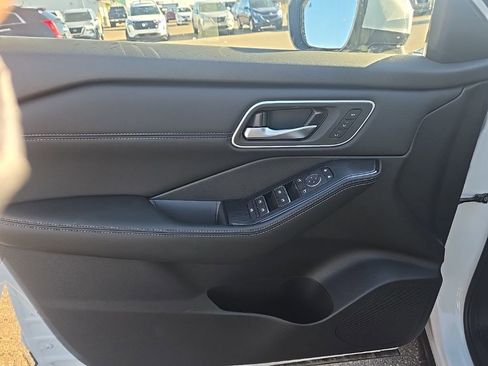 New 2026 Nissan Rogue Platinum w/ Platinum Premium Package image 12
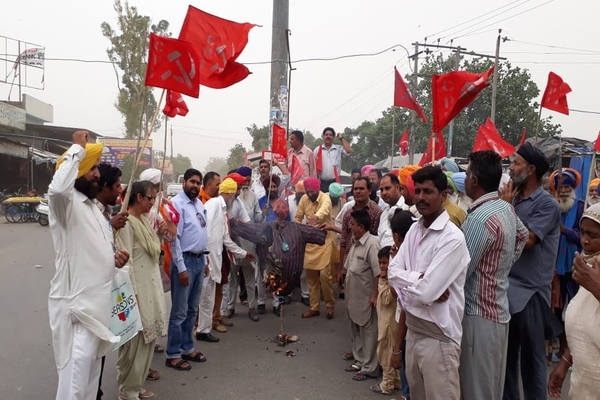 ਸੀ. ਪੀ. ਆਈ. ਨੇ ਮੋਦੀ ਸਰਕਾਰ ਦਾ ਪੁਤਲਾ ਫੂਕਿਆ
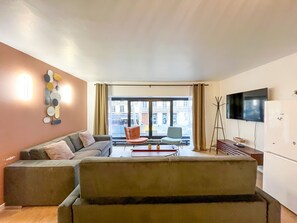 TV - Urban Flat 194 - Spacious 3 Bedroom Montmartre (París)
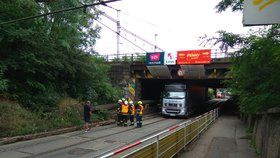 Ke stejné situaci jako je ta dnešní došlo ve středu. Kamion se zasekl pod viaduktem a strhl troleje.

===============

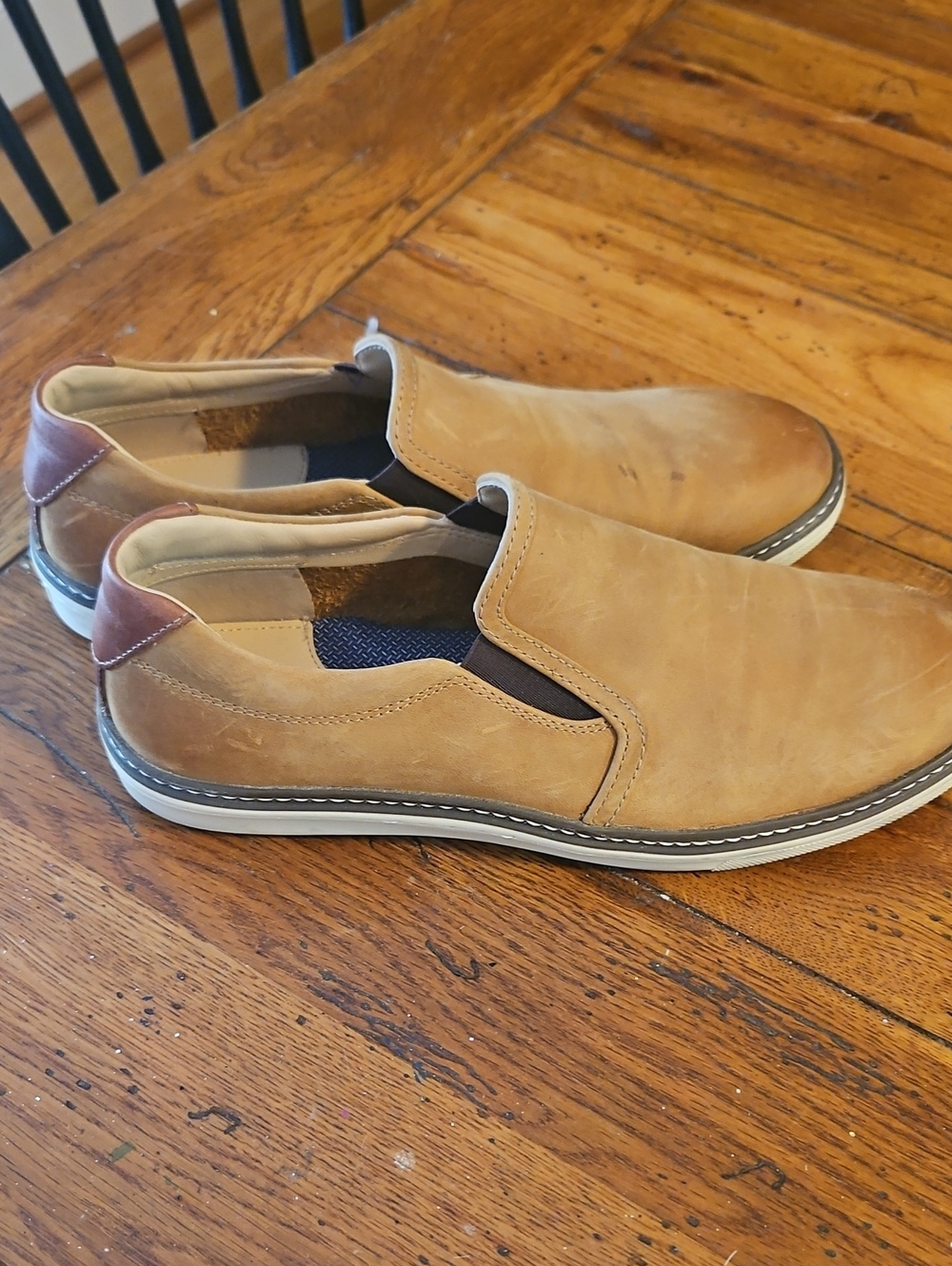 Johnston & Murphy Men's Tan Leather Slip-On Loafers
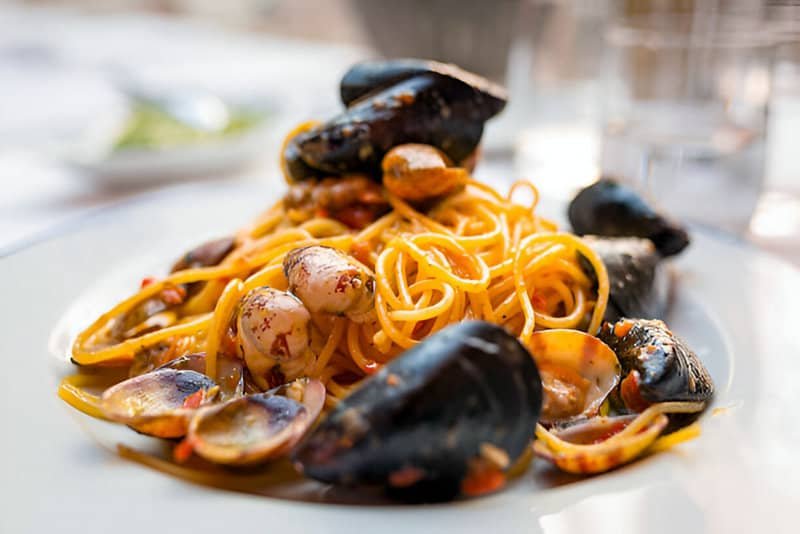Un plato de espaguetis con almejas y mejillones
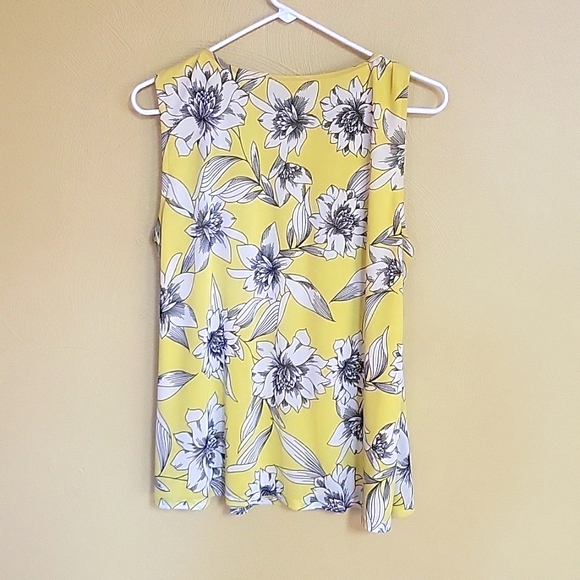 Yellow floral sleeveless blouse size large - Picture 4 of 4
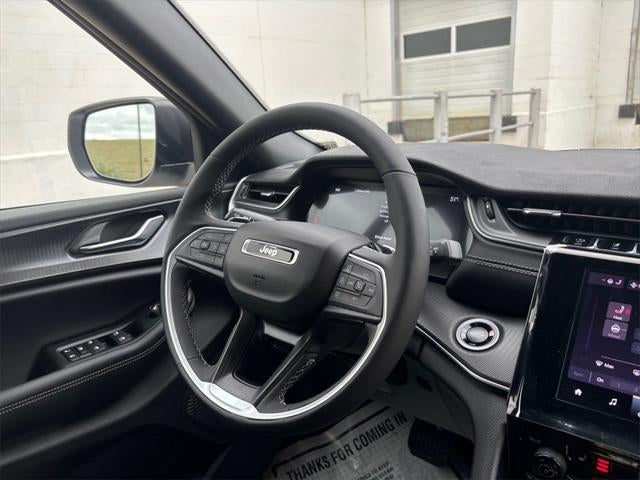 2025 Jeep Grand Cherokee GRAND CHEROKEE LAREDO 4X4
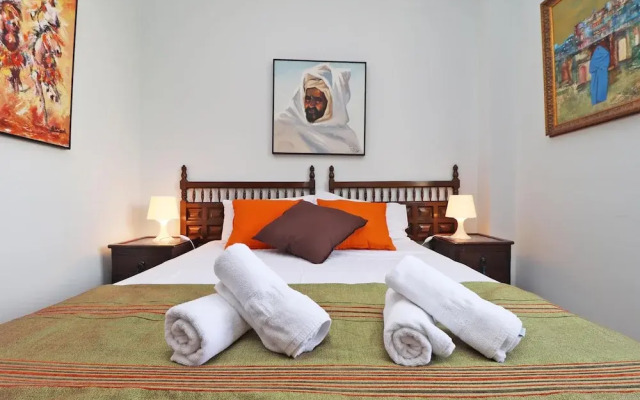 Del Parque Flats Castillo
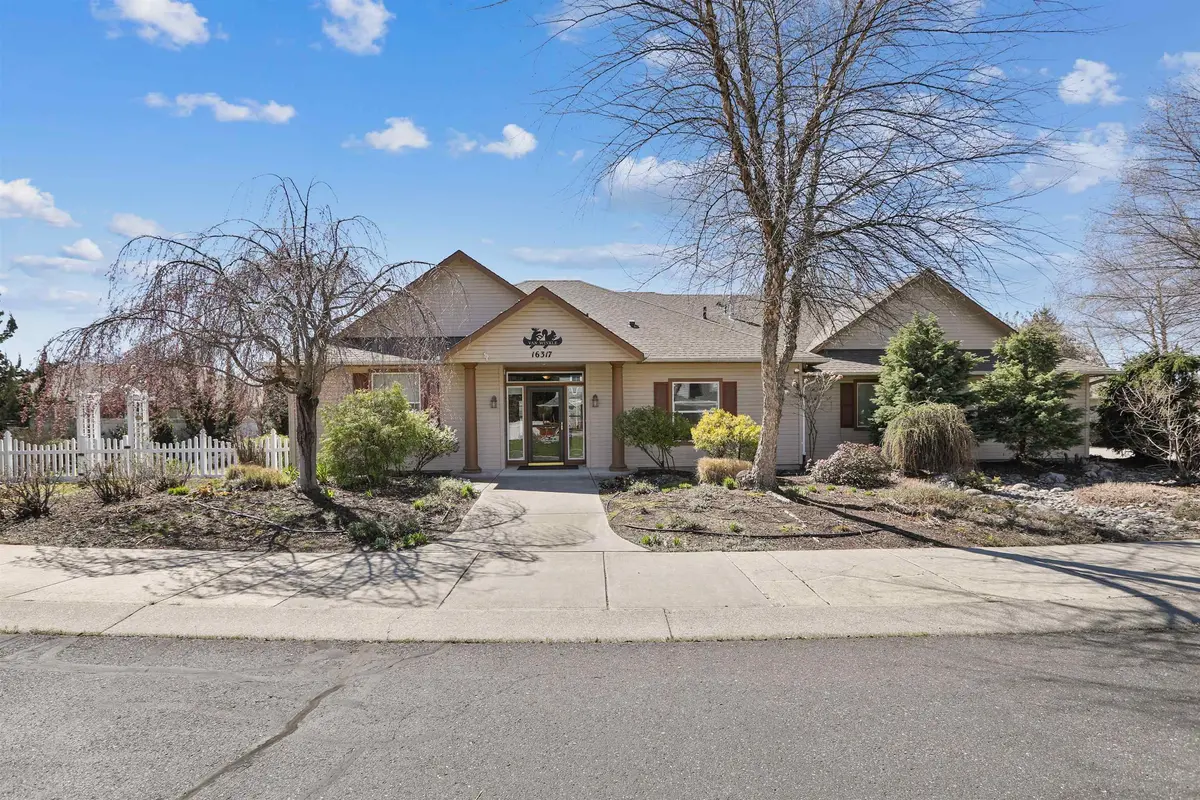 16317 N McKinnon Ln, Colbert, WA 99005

===============

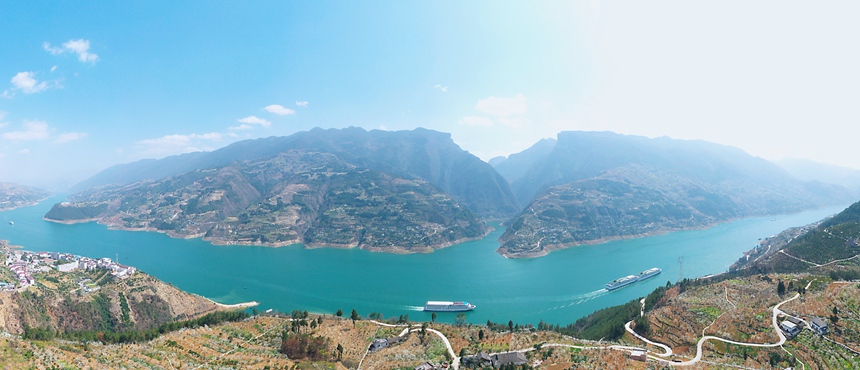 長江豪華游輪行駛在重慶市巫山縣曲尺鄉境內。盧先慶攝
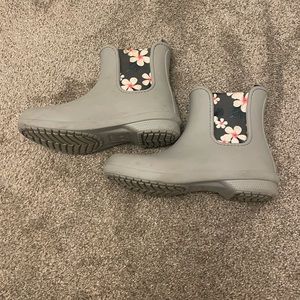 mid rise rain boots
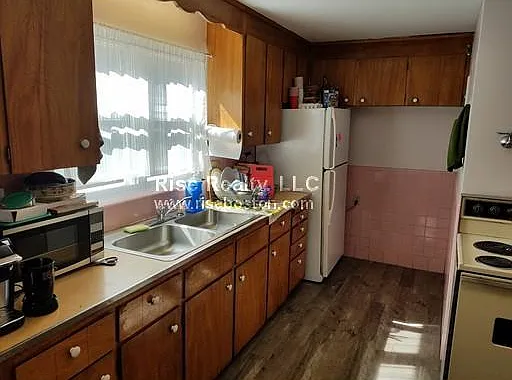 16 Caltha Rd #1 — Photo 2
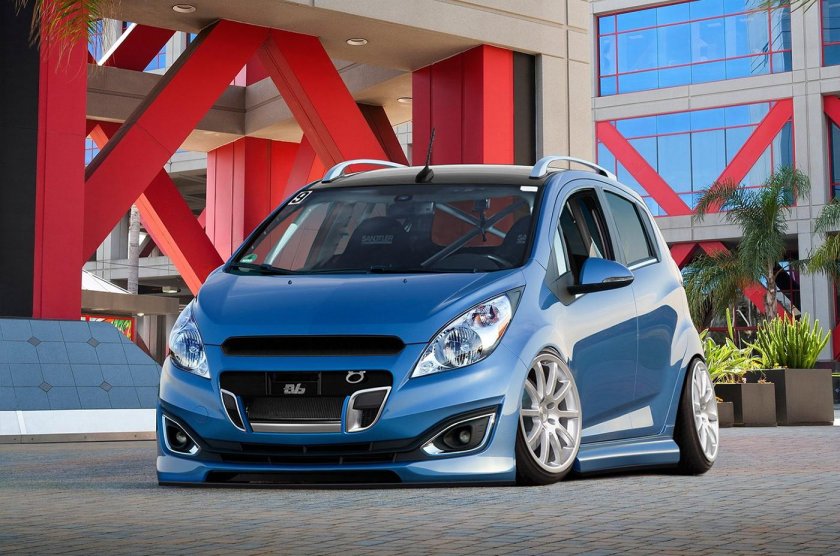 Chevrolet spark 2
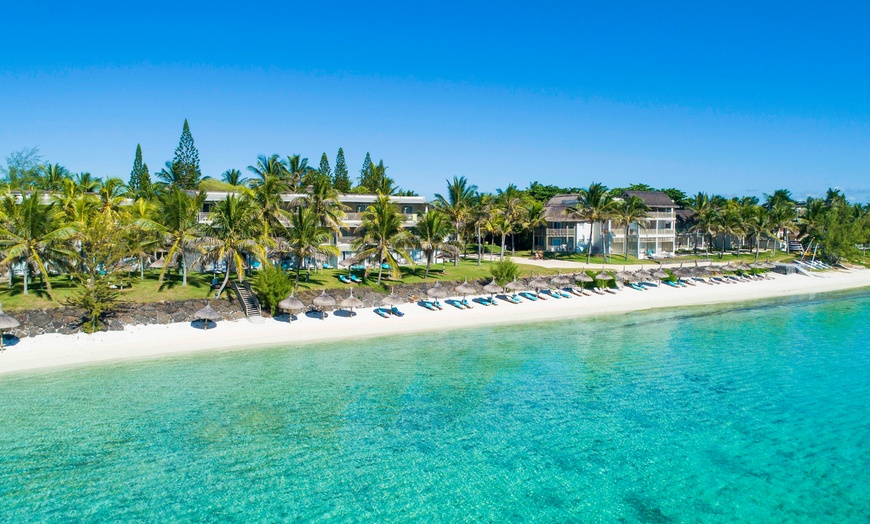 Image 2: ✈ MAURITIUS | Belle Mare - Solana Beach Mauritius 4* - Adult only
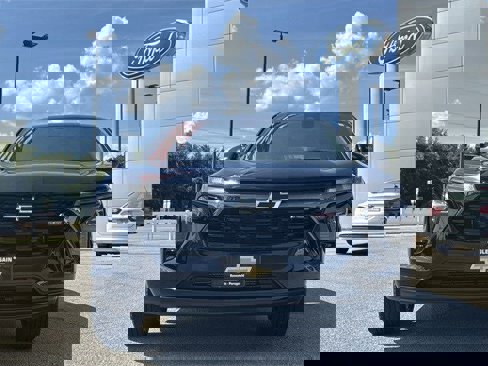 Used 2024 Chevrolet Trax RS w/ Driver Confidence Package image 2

===============

WHAT IS BEING ASKED: Copy the lines above exactly, starting at the one with "Yellow floral sleeveless" and ending at the one with "16317 N McKinnon Ln, Colbert, WA 99005", both included. Leave out any pictures and add nothing else.

ANSWER SECTION:
 Yellow floral sleeveless blouse size large - Picture 4 of 4
 2025 Jeep Grand Cherokee GRAND CHEROKEE LAREDO 4X4
 Del Parque Flats Castillo
 16317 N McKinnon Ln, Colbert, WA 99005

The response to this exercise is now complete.